(AIM OF THE EXERCISE) Transcribe every entry precisely, omitting nothing.

(EXTRACTED RECORDS)
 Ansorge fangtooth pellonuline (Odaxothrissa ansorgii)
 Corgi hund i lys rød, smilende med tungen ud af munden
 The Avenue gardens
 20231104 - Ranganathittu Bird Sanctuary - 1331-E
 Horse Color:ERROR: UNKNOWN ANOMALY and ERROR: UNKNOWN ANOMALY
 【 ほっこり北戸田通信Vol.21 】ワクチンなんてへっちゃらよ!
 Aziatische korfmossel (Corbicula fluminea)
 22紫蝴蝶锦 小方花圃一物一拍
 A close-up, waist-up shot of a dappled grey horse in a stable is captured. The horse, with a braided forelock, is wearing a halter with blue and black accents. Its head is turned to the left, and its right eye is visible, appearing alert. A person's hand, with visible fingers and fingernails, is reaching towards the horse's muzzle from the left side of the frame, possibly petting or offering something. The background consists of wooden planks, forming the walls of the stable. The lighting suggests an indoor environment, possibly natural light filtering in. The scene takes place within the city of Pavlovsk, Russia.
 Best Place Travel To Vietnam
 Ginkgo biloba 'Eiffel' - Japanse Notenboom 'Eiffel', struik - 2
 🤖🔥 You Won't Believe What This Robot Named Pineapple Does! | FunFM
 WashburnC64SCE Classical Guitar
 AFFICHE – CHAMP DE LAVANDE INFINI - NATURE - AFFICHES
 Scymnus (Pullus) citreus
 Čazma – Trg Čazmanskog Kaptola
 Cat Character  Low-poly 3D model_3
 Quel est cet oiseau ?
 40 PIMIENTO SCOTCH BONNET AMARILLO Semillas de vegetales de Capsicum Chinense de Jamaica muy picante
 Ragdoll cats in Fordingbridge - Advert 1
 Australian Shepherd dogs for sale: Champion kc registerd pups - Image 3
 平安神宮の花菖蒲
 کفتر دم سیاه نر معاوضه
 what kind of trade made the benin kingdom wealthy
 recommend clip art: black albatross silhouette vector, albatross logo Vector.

(RESPONSE TO THIS EXERCISE)
 Ansorge fangtooth pellonuline (Odaxothrissa ansorgii)
 Corgi hund i lys rød, smilende med tungen ud af munden
 The Avenue gardens
 20231104 - Ranganathittu Bird Sanctuary - 1331-E
 Horse Color:ERROR: UNKNOWN ANOMALY and ERROR: UNKNOWN ANOMALY
 【 ほっこり北戸田通信Vol.21 】ワクチンなんてへっちゃらよ!
 Aziatische korfmossel (Corbicula fluminea)
 22紫蝴蝶锦 小方花圃一物一拍
 A close-up, waist-up shot of a dappled grey horse in a stable is captured. The horse, with a braided forelock, is wearing a halter with blue and black accents. Its head is turned to the left, and its right eye is visible, appearing alert. A person's hand, with visible fingers and fingernails, is reaching towards the horse's muzzle from the left side of the frame, possibly petting or offering something. The background consists of wooden planks, forming the walls of the stable. The lighting suggests an indoor environment, possibly natural light filtering in. The scene takes place within the city of Pavlovsk, Russia.
 Best Place Travel To Vietnam
 Ginkgo biloba 'Eiffel' - Japanse Notenboom 'Eiffel', struik - 2
 🤖🔥 You Won't Believe What This Robot Named Pineapple Does! | FunFM
 WashburnC64SCE Classical Guitar
 AFFICHE – CHAMP DE LAVANDE INFINI - NATURE - AFFICHES
 Scymnus (Pullus) citreus
 Čazma – Trg Čazmanskog Kaptola
 Cat Character  Low-poly 3D model_3
 Quel est cet oiseau ?
 40 PIMIENTO SCOTCH BONNET AMARILLO Semillas de vegetales de Capsicum Chinense de Jamaica muy picante
 Ragdoll cats in Fordingbridge - Advert 1
 Australian Shepherd dogs for sale: Champion kc registerd pups - Image 3
 平安神宮の花菖蒲
 کفتر دم سیاه نر معاوضه
 what kind of trade made the benin kingdom wealthy
 recommend clip art: black albatross silhouette vector, albatross logo Vector.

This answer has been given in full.